**Records for this task**

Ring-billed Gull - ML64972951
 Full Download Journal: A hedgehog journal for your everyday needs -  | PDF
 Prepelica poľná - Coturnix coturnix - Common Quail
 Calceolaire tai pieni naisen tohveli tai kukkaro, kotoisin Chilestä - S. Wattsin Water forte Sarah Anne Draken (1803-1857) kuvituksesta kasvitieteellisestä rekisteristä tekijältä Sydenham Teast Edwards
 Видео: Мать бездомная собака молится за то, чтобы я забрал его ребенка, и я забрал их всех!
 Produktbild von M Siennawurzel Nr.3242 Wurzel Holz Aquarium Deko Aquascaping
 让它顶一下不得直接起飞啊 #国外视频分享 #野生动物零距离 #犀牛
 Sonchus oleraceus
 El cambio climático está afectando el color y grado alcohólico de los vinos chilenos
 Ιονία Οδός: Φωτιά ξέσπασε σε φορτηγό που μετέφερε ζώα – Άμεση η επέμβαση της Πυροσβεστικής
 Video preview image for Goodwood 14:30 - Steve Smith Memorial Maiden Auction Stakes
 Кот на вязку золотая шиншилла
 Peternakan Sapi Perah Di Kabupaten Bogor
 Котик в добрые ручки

**What to do**
Each line from the one containing "Ιονία Οδός: Φωτιά" through the end of the entries, both included, is to be returned exactly, with no other lines.

**Task response**
 Ιονία Οδός: Φωτιά ξέσπασε σε φορτηγό που μετέφερε ζώα – Άμεση η επέμβαση της Πυροσβεστικής
 Video preview image for Goodwood 14:30 - Steve Smith Memorial Maiden Auction Stakes
 Кот на вязку золотая шиншилла
 Peternakan Sapi Perah Di Kabupaten Bogor
 Котик в добрые ручки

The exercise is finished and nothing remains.